Great Web games you don’t have to pay for.

The Tall Stump

Christmas is a difficult time of year for America’s cheapskates. There are plenty of sturdy, reliable toys out there—broom-handle horses, packs of UNO cards, wooden blocks with wheels on them—all of which are inexpensive and delightful. But all anybody wants these days are video games: a PlayStation 3 or a Nintendo Wii, and full complements of pricey games to go with each. This stuff is expensive and often difficult to obtain, but your nephew will hate you if you give him one more toy that’s fashioned from scrap lumber. What’s a well-meaning penny pincher to do?

Lucky for you, Slate (in association with the Internet) has your solution: the best free computer games that cyberspace has to offer. The games listed below are exemplars of the casual gaming genre—video games meant to be played incidentally, as a break from work, for instance, or in lieu of sending an e-mail. Many of the games listed below are as clever and fun as their retail counterparts; all of them are free, free, free. They’re the perfect last-minute gifts for those out-of-town nieces or second cousins who don’t deserve $350 worth of love. Granted, an index card with a URL scrawled on it might not provoke as many cheers upon unwrapping as a copy of Halo 3. But it’s the thought that counts. Right?

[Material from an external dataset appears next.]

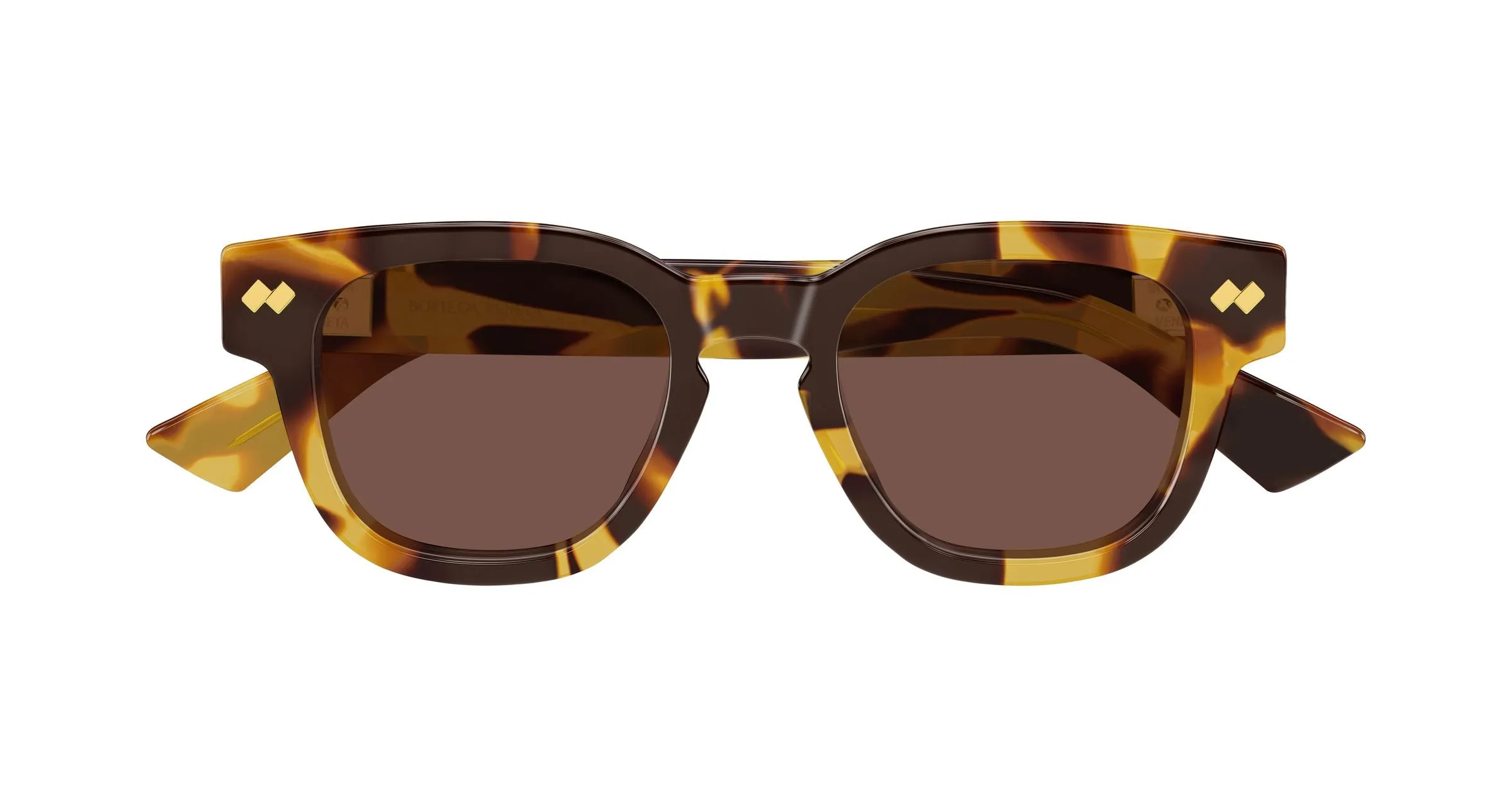 Bottega Veneta BV1441S 002 Occhiali da sole Acetato Havana Marrone Rotonda - immagine 2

Some notes: The designation “best” is obviously subjective and incomplete, given that I have not played every single game available on the Internet. Most of these games are built in Flash, which means you can play them on pretty much any Web browser. Don’t expect fancy graphics, though—if a game is called the Tall Stump, you’re probably not getting advanced texture modeling. (Also, a big thanks to Jayisgames.com, the Internet’s undisputed leader in casual gaming information and home to many, many people who know more about this stuff than I do.)

Best old-school side scroller: No, the Tall Stump does not have advanced texture modeling, but its charms are plentiful. Rejoice as you navigate through a charmingly cartoonish land of passageways, tunnels, and tubes, jumping, shooting, and collecting coins in an attempt to free your girlfriend from her pink candy prison. Sound familiar? It should: It’s pretty much Super Mario Bros., but with paper hats and cacti instead of plumbers and broad Italian stereotypes. Mamma mia, this is a great little game!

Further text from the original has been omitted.